A reação foi inesperada. O robô (ou o resto dele) se apoiou confiante no braço direito e se ergueu. Ficou em pé subitamente. Me agarrei aos fios do pescoço para não cair.
- Quais são suas ordens, senhor?
- Ordens? Que ordens? Estou aqui para te ajudar!
- Não consigo captar sinais visuais, mestre! Meus sensores foram danificados, e preciso de reparos! Mas estou pronto pra te servir no que for possível.
- Servir? Não quero que me sirva! Que há com você, amigo?
- "Um robô deve obedecer as ordens que lhe sejam dadas por seres humanos, exceto nos casos em que tais ordens entrem em conflito com a Primeira Lei."
- Primeira lei? Do que você está falando?
- "Um robô não pode ferir um ser humano ou, por omissão, permitir que um ser humano sofra algum mal." Você está em risco, meu senhor? Posso fazer algo para impedi-lo de que sofras algum mal?
- Oras bolas, meu caro! Até onde sei, quem estava até agora pedindo socorro era você mesmo! Que palhaçada é esta? Não está mais em risco de existência?

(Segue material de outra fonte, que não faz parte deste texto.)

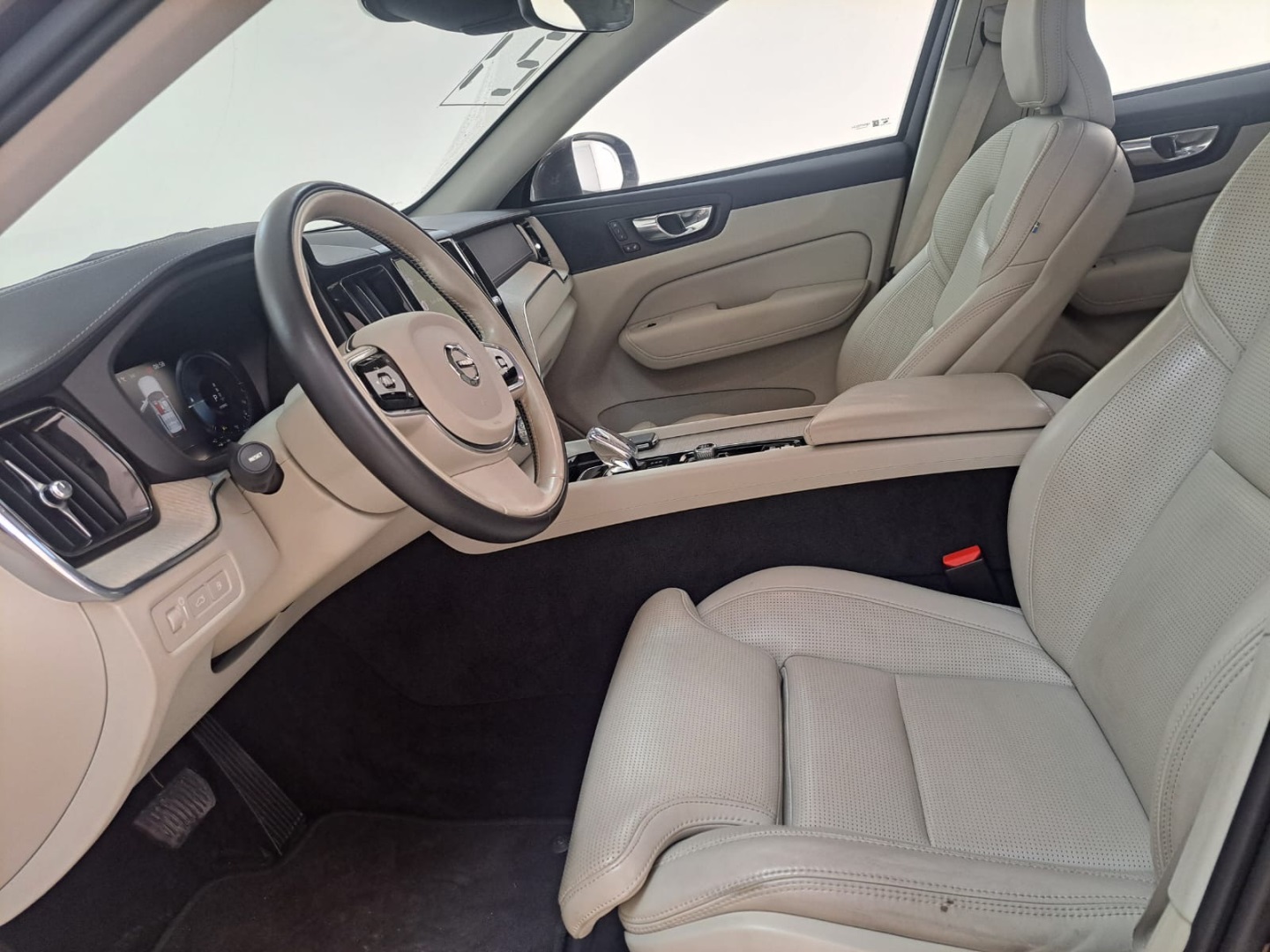 XC60 2.0 T8 HYBRID INSCRIPTION AWD GEARTRONIC9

- "Um robô deve proteger sua própria existência desde que tal proteção não entre em conflito com a Primeira e/ou a Segunda Lei." Se eu me proteger estarei desobedecendo alguma de suas ordens, senhor? Ou colocando sua existência em risco?
Era só o que me faltava: um robô programado com as três leis da robótica!!!! Lavagem cerebral completa, nenhum poder de decisão própria! Precisava fazer aquilo... Culpado? Sim, me sentiria. Mas precisava daquele corpo robótico de qualquer forma. Assassinato? Ele só tinha 10% da metade do cérebro funcionando. Seria, no máximo, 5% de um assassinato. Lhe lancei o vírus. Apaguei seu sistema. Com a útil extremidade de solda, me conectei àquele corpo robótico de forma mais firme. Obviamente preservei o braço cirurgião recém adquirido, pois ainda me seria útil. Ficou estranho, eu agora possuía dois braços direitos. Um forte, do lado esperado. Outro preciso, braço de cirurgião, conectado ao ombro esquerdo onde faltava o original. Bem, são apenas detalhes anatômicos sem importância... Só detalhistas extremamente chatos se incomodariam com a diferença! Eu era um novo representante de seres duplamente destros, isto me fazia especial!
Me ergui ereto comandando o novo corpo robótico. Ah, que viessem agora aqueles robôs fiscalizadores de carga! Agora eu estava preparado para a briga!